◆ **Task directions**
Return each line exactly as written. Begin with the first line of the entries and end with the line that has "Fototapeta premium A".
Content starts
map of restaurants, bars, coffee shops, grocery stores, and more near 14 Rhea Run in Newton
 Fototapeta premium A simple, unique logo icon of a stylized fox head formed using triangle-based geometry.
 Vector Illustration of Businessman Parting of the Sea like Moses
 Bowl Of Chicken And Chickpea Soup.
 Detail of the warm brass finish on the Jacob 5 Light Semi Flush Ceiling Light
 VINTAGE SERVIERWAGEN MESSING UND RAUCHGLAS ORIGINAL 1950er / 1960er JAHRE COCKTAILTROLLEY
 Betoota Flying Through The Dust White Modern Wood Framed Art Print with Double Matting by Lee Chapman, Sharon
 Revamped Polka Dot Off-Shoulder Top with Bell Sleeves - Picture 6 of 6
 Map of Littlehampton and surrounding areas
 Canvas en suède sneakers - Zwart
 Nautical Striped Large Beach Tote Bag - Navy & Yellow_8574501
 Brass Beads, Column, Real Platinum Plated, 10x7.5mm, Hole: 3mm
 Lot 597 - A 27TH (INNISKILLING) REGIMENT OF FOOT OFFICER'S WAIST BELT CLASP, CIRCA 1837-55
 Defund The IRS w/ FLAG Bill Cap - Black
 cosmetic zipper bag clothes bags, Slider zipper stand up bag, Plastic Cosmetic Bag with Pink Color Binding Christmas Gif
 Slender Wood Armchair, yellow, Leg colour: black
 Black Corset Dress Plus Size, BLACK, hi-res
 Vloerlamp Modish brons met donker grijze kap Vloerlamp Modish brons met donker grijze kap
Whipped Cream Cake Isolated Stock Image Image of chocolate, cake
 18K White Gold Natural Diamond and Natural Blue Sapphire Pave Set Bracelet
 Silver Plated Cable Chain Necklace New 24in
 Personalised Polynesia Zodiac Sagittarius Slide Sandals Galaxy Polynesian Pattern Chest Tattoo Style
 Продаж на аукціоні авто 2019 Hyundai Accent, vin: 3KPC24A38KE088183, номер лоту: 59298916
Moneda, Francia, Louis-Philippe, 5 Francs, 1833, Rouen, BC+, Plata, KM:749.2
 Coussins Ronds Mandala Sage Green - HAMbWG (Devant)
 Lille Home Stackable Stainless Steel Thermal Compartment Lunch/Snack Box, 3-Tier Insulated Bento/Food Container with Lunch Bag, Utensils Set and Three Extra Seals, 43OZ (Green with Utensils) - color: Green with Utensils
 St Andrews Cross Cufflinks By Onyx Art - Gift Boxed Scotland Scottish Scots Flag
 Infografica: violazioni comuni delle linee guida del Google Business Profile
Content ends
◆ **Written solution**
map of restaurants, bars, coffee shops, grocery stores, and more near 14 Rhea Run in Newton
 Fototapeta premium A simple, unique logo icon of a stylized fox head formed using triangle-based geometry.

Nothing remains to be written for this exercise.